February 23rd, 2008 at 7:03 pm
[...] The screencast is here: http://screencasters.heathenx.org/episode-049/ [...]
March 27th, 2008 at 5:27 am
This is my favourite!
It’s very easy and nice grahic for all beginners!!
April 27th, 2009 at 6:57 am
Hi guys! Thanks for great tutorials!
I have one problem with this one. After cloning my picture look like this: http://img159.imageshack.us/img159/245/errorv.png The left one is the object I’m doing cloning on, and after that appears second object on the right side and below. I’ve no idea what I’m doing wrong. Any help?

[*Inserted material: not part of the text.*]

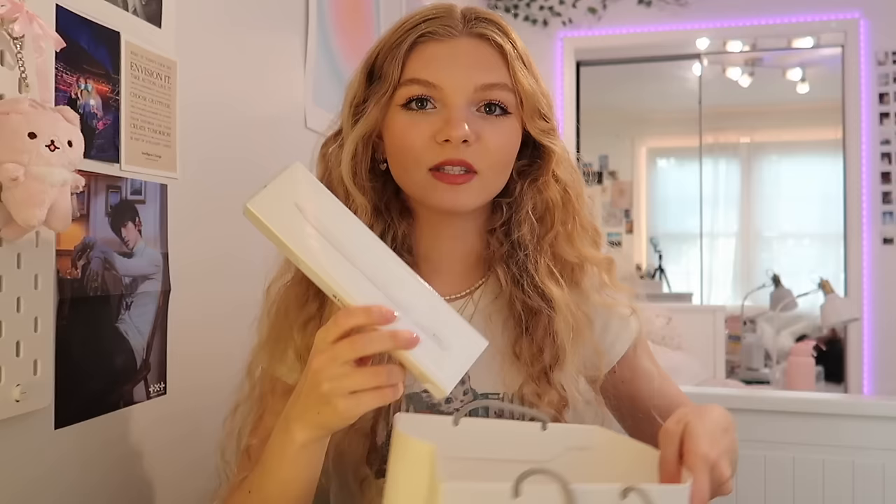Hey guys, it's Katelyn. Today I'm gonna be unboxing the iPad Air 5th generation. I just recently purchased an iPad for college and I thought you guys would probably be interested in this. I just went over to the Apple Store earlier today and got it. So I have this and then I'm also gonna be doing the Apple Pencil 2nd generation unboxing as well. Here is the iPad and here is the pencil.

April 27th, 2009 at 8:26 am
@Michal
Looks like to me like you might have things off center. Make sure that the center point on your circle remains in the center. If you have moved it off center then you can highlight the circle by left-clicking twice then shift+ctrl+LMB the center point. Finally you need to have your triangle properly aligned to the center of the circle or the guide cross hairs.
There are several ways to achieve the starburst effect. A simpler way is to duplicate or stamp the triangle and manually swing them around holding the ctrl key down. That will bypass the tiled clones if you find that a little frustrating. Check out episode 034 and 034-1 or even episode 049 for some tips.
April 27th, 2009 at 8:51 am
@heathenx
Thanks for replay. Center seems to be ok. I know about stamping, which I use instead, but it is still annoying cannot do some things in proper way. Anyway I’ve just found bug like this on Launchpad: https://bugs.launchpad.net/inkscape/+bug/213793
I have to try SVN version, But when I used it last week there was problem with bluring while I was doing dogtag from episode 046. So now I’m using Inkscape from Ubuntu repo.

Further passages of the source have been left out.